Dans l'histoire littéraire, le fait d’appliquer des couleurs à des sentiments et autres choses abstraites n’est pas rare. On connaît la Symphonie en blanc majeur de Théophile Gautier (elle se trouve dans le volume Émaux et Camées) ; Léon Gozlan (1803-1866) a écrit, sur ce même sujet, une page caractéristique (reproduite dans la revue Le Penseur, janvier 1913) : « Comme je suis un peu fou, j'ai toujours rapporté, je ne sais trop pourquoi, à une couleur ou à une nuance les sensations diverses que j'éprouve. Ainsi, pour moi, la pitié est bleu tendre, la résignation est gris-perle, la joie est vert-pomme, la satiété est café-au-lait, le plaisir rose velouté, le sommeil est fumée-de-tabac, la réflexion est orange, la douleur est couleur de suie, l’ennui est chocolat.
La pensée pénible d'avoir un billet à payer est mine-de-plomb, l’argent à recevoir est rouge chatoyant ou diablotin. Le jour du terme est couleur de Sienne. Aller à un premier rendez-vous, couleur thé léger ; à un vingtième, thé chargé. Quant au bonheur... couleur que je ne connais pas ! »

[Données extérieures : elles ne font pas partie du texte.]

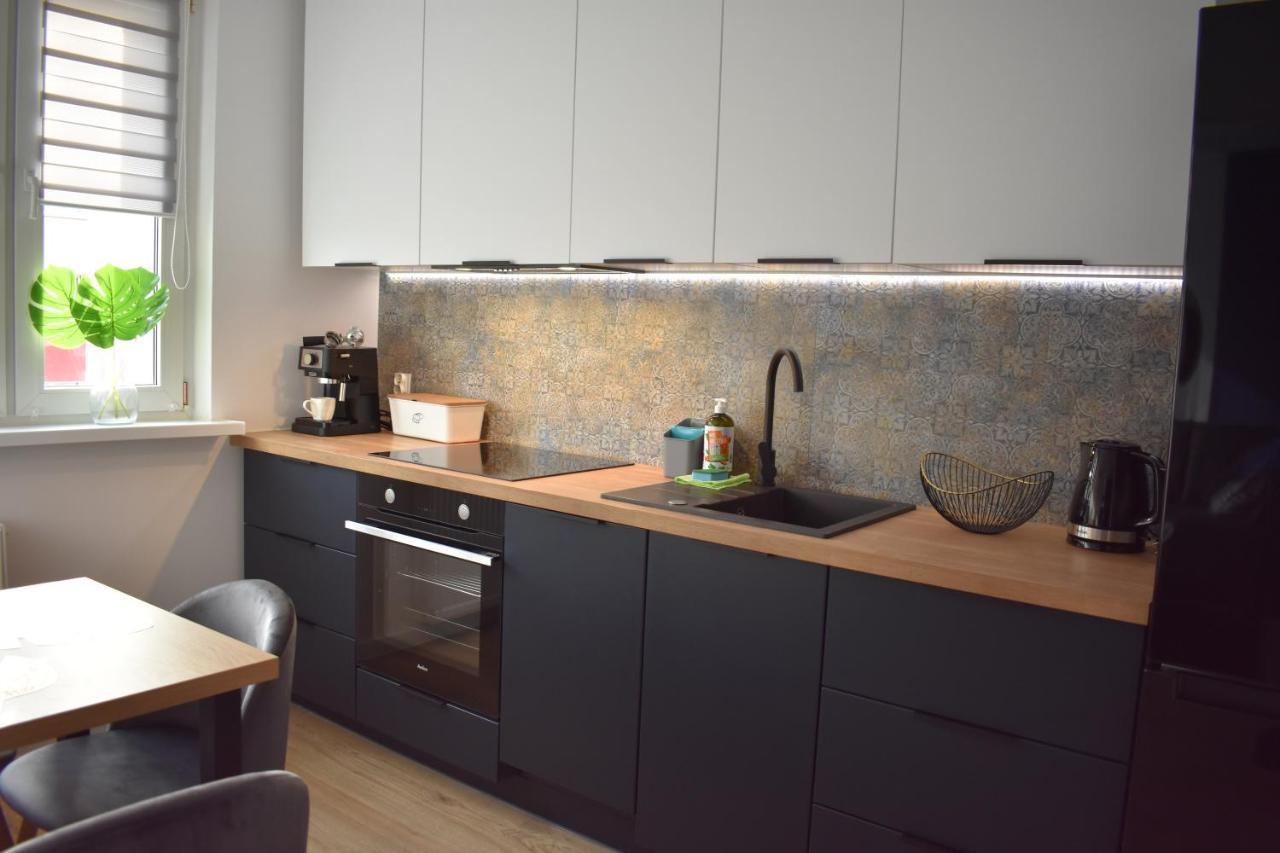 Apartament W Centrum Przy Parku Na Wyspie Piła Exteriér fotografie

Et les couleurs appliquées aux prénoms féminins, système imaginé par l'humoriste Ernest d'Hervilly (1839-1911) : les noms blancs très purs sont : Bérénice, Marie, Claire, Ophélie, Iseult. Le rose vif est évoqué par Rose (naturellement !), Colette, Madeleine, Gilberte. Le gris est fourni par Jeanne, Gabrielle, Germaine. Le bleu tendre serait Céline, Virginie, Léonie, Élise. Le noir absolu serait Lucrèce, Diane, Rachel, Irène, Rébecca. Le jaune violent n'apparaît qu'aux noms de Pulchérie, Gertrude, Léocadie. Ernest d'Hervilly affirmait, en outre, qu'Hélène est gris-perle, et qu'Adrienne, Ernestine et Fanchette doivent être rangées dans la catégorie des prénoms qui rappelle un semis de fleurs sur une étoffe blanche.